Hence, we conclude that there are no outliers in this dataset.
Comparing Two or More Groups with Parallel Box Plots
One of the most powerful uses of box plots is to compare distributions between multiple groups. For example, we can compare two different datasets of ages from two different surveys:
- Dataset A: [22, 25, 29, 22, 35, 33, 40]
- Dataset B: [18, 20, 21, 24, 36, 37, 50]
Steps to Compare Using Box Plots
- Calculate five-number summaries for both datasets and construct individual box plots for each.
- Plot both box plots side by side on the same number line for visual comparison. This helps to see differences in medians and spreads at a glance.
- Analyze and compare the box plots: Look at medians to see which group has a higher average. Look at the interquartile range to examine variability, and check for outliers.
Example of Comparing Box Plots
Using our two datasets:
- For Dataset A, we previously found the five-number summary: Minimum = 22, Q1 = 22, Median = 29, Q3 = 35, Maximum = 40.

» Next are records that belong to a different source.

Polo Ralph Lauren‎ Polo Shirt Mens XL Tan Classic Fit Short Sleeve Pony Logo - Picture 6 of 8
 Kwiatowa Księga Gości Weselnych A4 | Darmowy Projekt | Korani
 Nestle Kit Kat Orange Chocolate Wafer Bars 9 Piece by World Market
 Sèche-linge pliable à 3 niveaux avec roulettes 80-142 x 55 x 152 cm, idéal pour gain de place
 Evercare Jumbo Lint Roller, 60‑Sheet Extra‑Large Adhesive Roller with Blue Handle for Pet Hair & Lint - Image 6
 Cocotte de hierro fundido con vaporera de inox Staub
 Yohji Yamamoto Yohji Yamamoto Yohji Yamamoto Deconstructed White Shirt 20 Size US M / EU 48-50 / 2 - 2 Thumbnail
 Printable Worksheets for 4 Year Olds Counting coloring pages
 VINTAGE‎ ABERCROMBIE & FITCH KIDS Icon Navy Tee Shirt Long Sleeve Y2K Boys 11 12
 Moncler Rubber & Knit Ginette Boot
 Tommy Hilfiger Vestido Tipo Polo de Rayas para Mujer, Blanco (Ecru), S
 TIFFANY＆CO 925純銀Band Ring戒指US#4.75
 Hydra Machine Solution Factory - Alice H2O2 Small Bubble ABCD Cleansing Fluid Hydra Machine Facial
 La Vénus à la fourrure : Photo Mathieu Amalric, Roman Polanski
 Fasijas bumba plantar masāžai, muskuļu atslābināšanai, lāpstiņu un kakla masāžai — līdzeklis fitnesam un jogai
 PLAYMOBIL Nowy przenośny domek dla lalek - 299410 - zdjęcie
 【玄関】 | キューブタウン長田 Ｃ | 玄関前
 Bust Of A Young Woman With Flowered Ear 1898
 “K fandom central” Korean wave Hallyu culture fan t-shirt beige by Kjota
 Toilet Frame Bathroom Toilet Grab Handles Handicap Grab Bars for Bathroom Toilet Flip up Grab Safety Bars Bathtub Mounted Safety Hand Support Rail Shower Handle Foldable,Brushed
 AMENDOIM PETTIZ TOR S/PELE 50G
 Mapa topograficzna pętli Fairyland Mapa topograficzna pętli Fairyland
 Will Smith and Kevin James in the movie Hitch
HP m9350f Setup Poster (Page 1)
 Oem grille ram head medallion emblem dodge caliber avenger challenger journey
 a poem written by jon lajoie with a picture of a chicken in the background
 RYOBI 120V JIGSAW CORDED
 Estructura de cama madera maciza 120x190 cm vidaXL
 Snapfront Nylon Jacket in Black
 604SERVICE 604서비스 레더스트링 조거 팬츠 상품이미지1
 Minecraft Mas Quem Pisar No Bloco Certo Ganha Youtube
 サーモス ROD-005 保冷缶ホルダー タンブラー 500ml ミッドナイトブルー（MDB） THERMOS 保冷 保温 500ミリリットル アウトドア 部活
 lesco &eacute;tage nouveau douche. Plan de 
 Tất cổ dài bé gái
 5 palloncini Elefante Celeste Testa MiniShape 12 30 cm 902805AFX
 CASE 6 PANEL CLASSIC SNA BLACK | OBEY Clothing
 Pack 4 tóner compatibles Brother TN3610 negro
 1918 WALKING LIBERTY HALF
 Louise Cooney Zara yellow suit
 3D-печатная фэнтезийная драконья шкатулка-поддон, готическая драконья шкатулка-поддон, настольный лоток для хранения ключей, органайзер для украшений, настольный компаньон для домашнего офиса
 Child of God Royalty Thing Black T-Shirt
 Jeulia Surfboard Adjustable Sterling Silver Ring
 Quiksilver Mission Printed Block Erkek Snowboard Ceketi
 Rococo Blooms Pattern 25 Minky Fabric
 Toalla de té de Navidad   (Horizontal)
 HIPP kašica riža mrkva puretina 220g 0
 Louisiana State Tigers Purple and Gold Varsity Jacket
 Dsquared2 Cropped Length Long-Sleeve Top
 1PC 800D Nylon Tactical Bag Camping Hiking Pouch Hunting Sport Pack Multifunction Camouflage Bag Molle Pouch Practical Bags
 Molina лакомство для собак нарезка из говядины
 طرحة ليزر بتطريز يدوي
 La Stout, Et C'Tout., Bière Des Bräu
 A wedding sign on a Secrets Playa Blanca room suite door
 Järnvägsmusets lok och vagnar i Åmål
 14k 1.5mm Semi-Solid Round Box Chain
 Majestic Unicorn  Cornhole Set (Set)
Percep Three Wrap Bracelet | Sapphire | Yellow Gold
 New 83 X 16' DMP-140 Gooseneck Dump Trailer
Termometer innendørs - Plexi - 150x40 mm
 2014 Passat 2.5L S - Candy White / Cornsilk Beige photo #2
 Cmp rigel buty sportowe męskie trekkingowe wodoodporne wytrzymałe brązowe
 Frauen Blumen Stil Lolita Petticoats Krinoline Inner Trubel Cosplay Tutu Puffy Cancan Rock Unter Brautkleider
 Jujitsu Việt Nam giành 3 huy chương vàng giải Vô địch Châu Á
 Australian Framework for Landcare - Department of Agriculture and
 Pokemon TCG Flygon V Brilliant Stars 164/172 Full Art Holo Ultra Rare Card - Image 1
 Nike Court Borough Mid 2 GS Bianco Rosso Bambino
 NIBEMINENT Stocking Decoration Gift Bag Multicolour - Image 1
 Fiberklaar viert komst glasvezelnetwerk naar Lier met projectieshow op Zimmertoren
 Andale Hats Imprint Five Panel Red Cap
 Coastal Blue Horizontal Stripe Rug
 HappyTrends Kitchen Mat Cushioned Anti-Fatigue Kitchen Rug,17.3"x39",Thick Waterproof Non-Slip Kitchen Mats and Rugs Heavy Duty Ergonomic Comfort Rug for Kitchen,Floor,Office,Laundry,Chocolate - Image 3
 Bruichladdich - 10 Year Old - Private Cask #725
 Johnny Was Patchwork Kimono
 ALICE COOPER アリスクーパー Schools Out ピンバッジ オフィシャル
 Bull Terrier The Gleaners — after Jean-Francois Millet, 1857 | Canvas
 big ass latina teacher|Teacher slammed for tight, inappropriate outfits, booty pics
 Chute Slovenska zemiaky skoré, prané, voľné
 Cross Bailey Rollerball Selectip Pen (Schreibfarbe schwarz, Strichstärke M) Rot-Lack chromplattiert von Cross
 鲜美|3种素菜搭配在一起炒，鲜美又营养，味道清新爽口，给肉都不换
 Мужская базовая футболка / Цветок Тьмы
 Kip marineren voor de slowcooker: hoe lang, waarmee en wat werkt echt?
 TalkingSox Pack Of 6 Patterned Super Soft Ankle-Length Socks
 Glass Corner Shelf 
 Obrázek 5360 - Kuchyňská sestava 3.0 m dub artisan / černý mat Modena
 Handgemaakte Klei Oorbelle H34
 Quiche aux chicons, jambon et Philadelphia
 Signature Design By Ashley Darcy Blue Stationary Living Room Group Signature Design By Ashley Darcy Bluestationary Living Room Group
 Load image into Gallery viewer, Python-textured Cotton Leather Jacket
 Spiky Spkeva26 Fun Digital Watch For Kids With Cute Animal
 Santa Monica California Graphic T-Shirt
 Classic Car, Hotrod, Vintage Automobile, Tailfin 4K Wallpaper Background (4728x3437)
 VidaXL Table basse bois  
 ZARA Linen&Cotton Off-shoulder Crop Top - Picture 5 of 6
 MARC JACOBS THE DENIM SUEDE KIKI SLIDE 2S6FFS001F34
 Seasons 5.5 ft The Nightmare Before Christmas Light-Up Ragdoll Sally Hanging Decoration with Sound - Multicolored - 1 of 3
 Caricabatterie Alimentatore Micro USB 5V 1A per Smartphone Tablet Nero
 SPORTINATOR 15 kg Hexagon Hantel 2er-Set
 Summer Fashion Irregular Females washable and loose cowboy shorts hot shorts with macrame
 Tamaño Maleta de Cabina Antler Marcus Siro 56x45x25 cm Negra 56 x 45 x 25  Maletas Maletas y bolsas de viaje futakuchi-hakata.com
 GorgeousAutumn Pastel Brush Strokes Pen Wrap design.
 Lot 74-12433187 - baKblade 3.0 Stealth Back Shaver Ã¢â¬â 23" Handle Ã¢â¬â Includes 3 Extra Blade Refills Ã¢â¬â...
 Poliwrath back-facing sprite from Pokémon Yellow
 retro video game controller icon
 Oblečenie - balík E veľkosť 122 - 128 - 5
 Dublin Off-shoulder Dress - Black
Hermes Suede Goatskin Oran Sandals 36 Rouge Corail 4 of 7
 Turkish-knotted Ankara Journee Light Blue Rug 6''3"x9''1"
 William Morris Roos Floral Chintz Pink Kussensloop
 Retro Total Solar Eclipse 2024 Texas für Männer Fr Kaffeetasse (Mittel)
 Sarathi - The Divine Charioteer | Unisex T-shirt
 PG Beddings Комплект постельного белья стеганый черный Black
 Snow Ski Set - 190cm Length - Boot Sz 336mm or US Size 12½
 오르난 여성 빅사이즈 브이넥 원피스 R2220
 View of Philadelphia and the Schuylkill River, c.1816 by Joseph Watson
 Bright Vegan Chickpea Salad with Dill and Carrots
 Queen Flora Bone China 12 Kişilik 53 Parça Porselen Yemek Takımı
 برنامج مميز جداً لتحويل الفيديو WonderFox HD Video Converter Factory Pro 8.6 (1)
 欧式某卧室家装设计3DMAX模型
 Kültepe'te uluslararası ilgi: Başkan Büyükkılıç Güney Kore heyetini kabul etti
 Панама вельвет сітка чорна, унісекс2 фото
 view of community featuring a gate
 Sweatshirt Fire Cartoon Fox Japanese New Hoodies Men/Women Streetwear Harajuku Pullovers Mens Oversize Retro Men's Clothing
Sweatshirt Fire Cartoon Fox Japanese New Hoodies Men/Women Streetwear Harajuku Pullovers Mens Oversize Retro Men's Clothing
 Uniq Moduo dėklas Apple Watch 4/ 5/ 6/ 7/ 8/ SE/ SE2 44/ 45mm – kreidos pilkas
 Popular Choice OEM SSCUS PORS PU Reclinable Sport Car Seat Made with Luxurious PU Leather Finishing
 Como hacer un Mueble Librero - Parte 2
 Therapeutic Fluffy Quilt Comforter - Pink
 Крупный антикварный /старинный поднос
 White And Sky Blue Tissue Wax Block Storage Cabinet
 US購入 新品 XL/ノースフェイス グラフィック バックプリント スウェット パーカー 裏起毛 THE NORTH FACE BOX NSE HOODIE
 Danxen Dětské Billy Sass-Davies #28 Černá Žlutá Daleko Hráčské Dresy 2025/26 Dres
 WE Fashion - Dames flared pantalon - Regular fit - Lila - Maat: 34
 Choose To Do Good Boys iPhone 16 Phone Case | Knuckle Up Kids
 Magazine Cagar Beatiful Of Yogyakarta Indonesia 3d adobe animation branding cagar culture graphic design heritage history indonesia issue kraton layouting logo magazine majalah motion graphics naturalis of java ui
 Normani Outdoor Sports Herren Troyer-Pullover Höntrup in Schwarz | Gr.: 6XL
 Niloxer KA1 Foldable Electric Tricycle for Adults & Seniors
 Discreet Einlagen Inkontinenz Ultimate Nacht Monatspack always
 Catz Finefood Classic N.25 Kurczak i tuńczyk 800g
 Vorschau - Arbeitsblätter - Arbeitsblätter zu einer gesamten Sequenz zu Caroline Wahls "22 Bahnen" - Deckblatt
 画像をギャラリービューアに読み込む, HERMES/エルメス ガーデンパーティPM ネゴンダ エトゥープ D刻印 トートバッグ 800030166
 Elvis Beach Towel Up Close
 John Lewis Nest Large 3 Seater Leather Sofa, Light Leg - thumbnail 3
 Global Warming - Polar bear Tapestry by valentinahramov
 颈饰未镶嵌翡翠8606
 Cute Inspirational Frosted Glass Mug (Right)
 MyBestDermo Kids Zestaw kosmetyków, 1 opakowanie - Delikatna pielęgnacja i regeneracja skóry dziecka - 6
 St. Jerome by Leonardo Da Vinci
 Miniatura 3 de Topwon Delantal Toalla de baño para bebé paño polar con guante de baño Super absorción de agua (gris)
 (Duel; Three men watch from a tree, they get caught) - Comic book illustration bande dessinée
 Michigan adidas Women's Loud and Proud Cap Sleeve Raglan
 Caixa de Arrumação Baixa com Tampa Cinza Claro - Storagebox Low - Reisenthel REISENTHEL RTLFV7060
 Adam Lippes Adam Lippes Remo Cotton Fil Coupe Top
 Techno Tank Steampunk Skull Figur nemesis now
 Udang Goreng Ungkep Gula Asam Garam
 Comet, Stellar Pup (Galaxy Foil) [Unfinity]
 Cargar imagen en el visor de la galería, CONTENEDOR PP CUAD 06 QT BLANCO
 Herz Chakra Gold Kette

- For Dataset B: Order the data to find its five-number summary: [18, 20, 21, 24, 36, 37, 50] gives:
$ - Minimum = 18$
$ - Q1 = 21$
$ - Median = 24$
$ - Q3 = 36$
$ - Maximum = 50$
After constructing both box plots side by side, we can analyze them. Dataset A has a median of 29, while Dataset B's median is 24. Dataset A also shows a greater spread between the minimum and the maximum. These differences indicate that participants in Dataset A generally are older, and their ages vary more significantly compared to Dataset B.
Conclusion
Box plots provide a clear and effective way to summarize and visualize data distributions. They allow us to represent the five-number summary succinctly and compare distributions effectively. In practice, understanding box plots is vital as it helps to identify trends, understand variability, and make informed decisions based on data. As we move forward, remember that the distribution and spread of data are just as essential as the averages in accurately interpreting data.
Study Notes
- The five-number summary consists of the minimum, lower quartile (Q1), median, upper quartile (Q3), and maximum.
- A box plot visually depicts the five-number summary, showcasing data spread and potential outliers.
- Outliers are identified using the criteria $Q1 - 1.5 \times IQR$ and $Q3 + 1.5 \times IQR$.
- Parallel box plots enable effective comparison of distributions across multiple datasets.
- The median gives the central location of the data, while the interquartile range indicates its spread.